In the last few weeks, I notice many people here (including me) having lots 
of bad luck...

Hope this cheer you up a bit... I hope..


----------



## 22606 (Aug 11, 2008)

Much better than a normal _Muppets_ video Kermit, Miss Piggy, and the like are overrated


----------



## osenator (Nov 3, 2009)

I just bought season 1,2 and 3 of the Muppet show and just watch the first 2 episodes. I was 7 years again... good times.. 

was sad to learn the vid I posted was cut from the dvd...


----------



## obsessedjack (Sep 3, 2010)

Actually have had some bad luck. Father just passed away at the age of 57. This video is cute. Thanks for posting.


----------



## Rynnye (Oct 24, 2010)

obsessedjack said:


> Actually have had some bad luck. Father just passed away at the age of 57. This video is cute. Thanks for posting.

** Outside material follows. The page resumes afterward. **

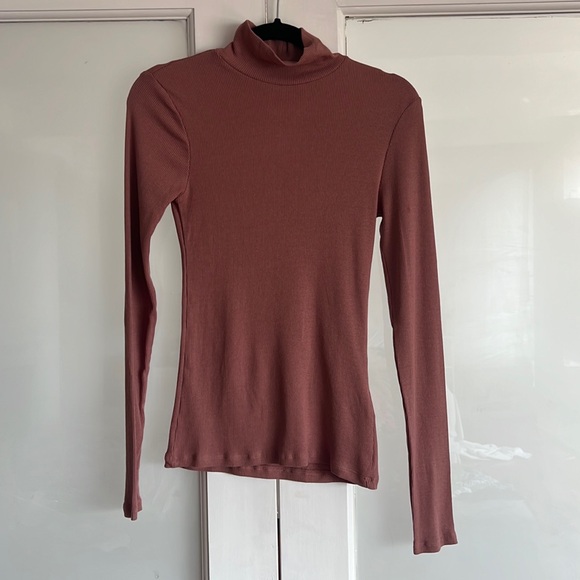 Ribbed turtleneck long sleeve - Picture 1 of 4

I'm so sorry to hear that. I wish you all the best in this difficult time for you!


----------



## blackfog (Oct 9, 2008)

Aww so sorry to hear that your Father passed away at such a young age. My Dad also passed away at the age of 57. Take care and he will always be in your heart and around you!

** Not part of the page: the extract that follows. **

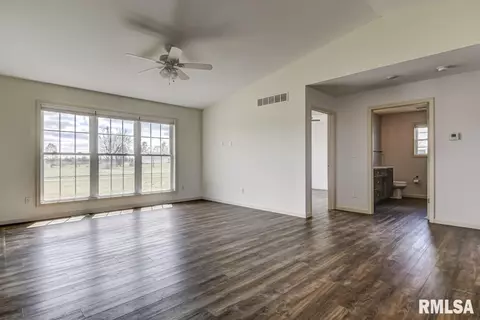 825 N Old Covered Bridge Ln, Springfield, IL 62711 photo 6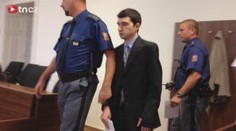 Vrah brutálně zamordoval dvojici spolubydlících. U soudu brečí a vzlyká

Osenator thank you for posting this and bringing a smile to me today! It was greatly needed and I am glad to know that I am not alone with things not looking up.......thanks! That clip was awesome classic Vincent Price and ya just gotta love those muppets.......now how does one make those ghosts! I know FCG lol!


----------



## Laurie S. (Dec 4, 2007)

obsessedjack, hoping you have a strong support system to help you through this! That's a very hard thing, losing your Dad. I know what you're going through, and I don't like that you have to. I'm sorry, man.

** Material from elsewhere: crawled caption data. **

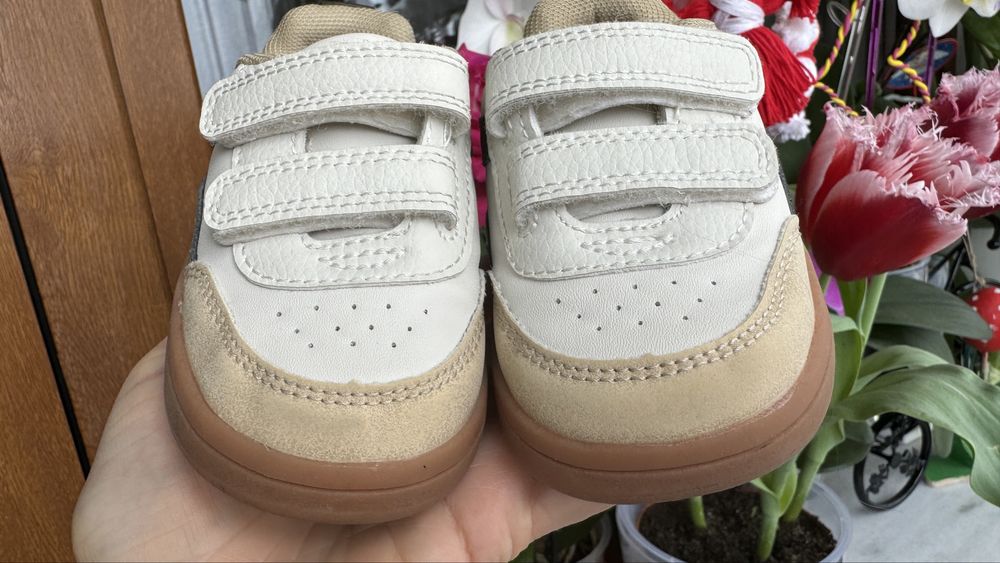 Adidasi H&M marime 20-21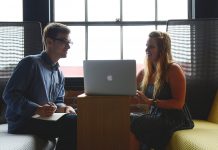 Steht mein Arbeitskollege auf mich? 15 klare Anzeichen Steht mein Kollege auf mich?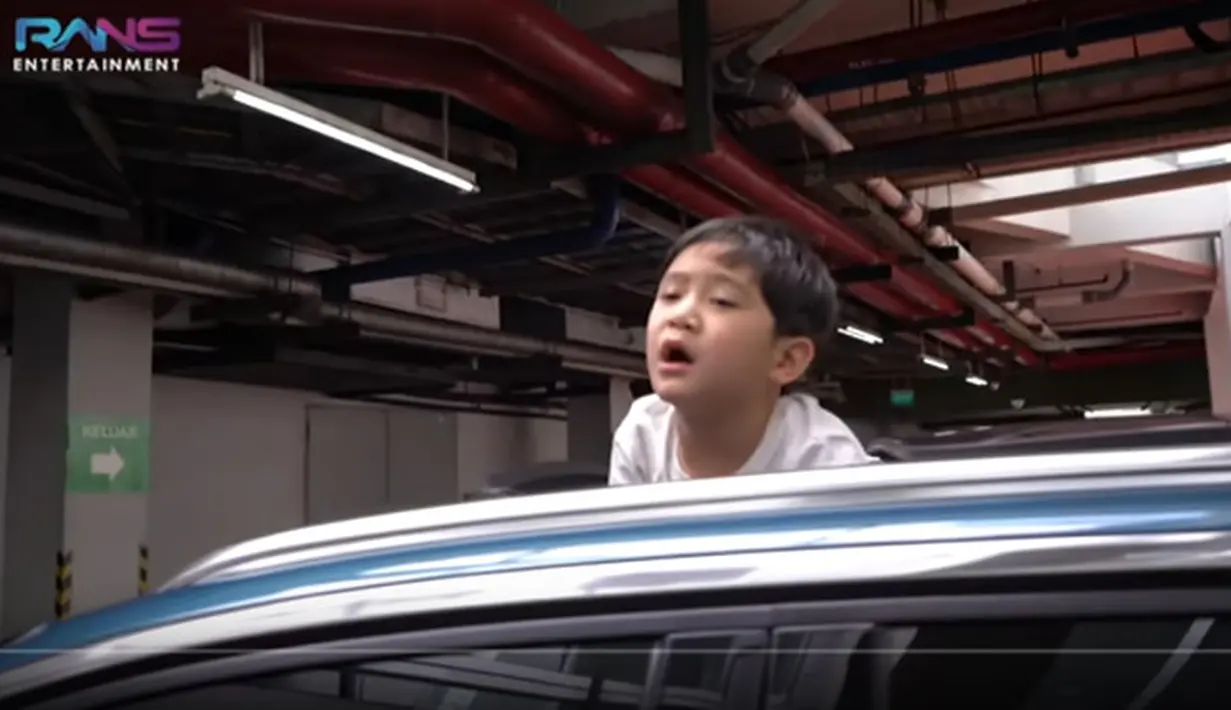 Raffi Ahmad dan Nagita Slavina (Youtube/Rans Entertainment)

That video is pure awesome, osenator! Why in the world would they have cut it?! The dummies!


----------



## Gym Whourlfeld (Jan 22, 2003)

*My "Flash-Back"*

If I "was seven again" , I would be looking at the radio dial and Jimmie Hensen wouldn't be born yet! (probably?)
That "Radio dial was on a floor radio(Piece of "furniture") with incredible speakers and "Inner Sanctum" came to my imagination over those sound waves, which I think penetrated the mind much more deeply than any mere "snowy" black& white moving image on a flickering glass tube ever did.


----------